The issue here is that when individual self-interest promotes the healthy working of the market place then the government should stay of the way. However, the government exists to make sure it protects “every member of society from the injustice or oppression of every other member of it”. While it may be in the interest of oil companies to “drill baby drill” it may not be in the interest of the environment and therefore, other members of society to let them do it merely to increase their profits. The government’s job is to make sure the market protects other members of society whose self-interest may be damaged by one group’s profit incentive in the market.
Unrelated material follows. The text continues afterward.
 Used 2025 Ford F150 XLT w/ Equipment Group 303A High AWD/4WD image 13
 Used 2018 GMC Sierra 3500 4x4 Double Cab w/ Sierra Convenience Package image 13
Adam Smith even recognized that the ‘free market’ was not a panacea that could solve all social ills. He stated that a primary function of government was to take care of public works and public institutions where the “profit could never repay the expense” of doing the project. It is certainly arguable that health care insurance providers and education could come under this rubric. It is not the profit interest of health care insurance providers to cover certain risky population groups or chronic illnesses. In order to maximize their profits it is in their interest to ‘cherry pick’ their clientele and drop clients that are a drain on the system. It would be hard to believe that anyone could seriously argue that health care insurance providers have not had quite a long history that illustrates this point. Additionally, while a very good private education is certainly feasible, the cost would prohibit many classes of society from being able to obtain an education. Education for a profit certainly works for those that can pay but simply ignoring the others that cannot pay is not in the long term interest of a society. Adam Smith argued that education is a public work when he we wrote:

“The same thing may be said of the gross ignorance and stupidity which, in a civilized society, seem so frequently to benumb the understandings of all the inferior ranks of people. A man without the proper use of the intellectual faculties of a man, is, if possible, more contemptible than even a coward, and seems to be mutilated and deformed in a still more essential part of the character of human nature. Though the state was to derive no advantage from the instruction of the inferior ranks of people, it would still deserve its attention that they should not be altogether uninstructed. The state, however, derives no inconsiderable advantage from their instruction. The more they are instructed the less liable they are to the delusions of enthusiasm and superstition, which, among ignorant nations, frequently occasion the most dreadful disorders. An instructed and intelligent people, besides, are always more decent and orderly than an ignorant and stupid one. They feel themselves, each individually, more respectable and more likely to obtain the respect of their lawful superiors, and they are therefore more disposed to respect those superiors. They are more disposed to examine, and more capable of seeing through, the interested complaints of faction and sedition, and they are, upon that account, less apt to be misled into any wanton or unnecessary opposition to the measures of government. In free countries, where the safety of government depends very much upon the favorable judgment which the people may form of its conduct, it must surely be of the highest importance that they should not be disposed to judge rashly or capriciously concerning it.”[13]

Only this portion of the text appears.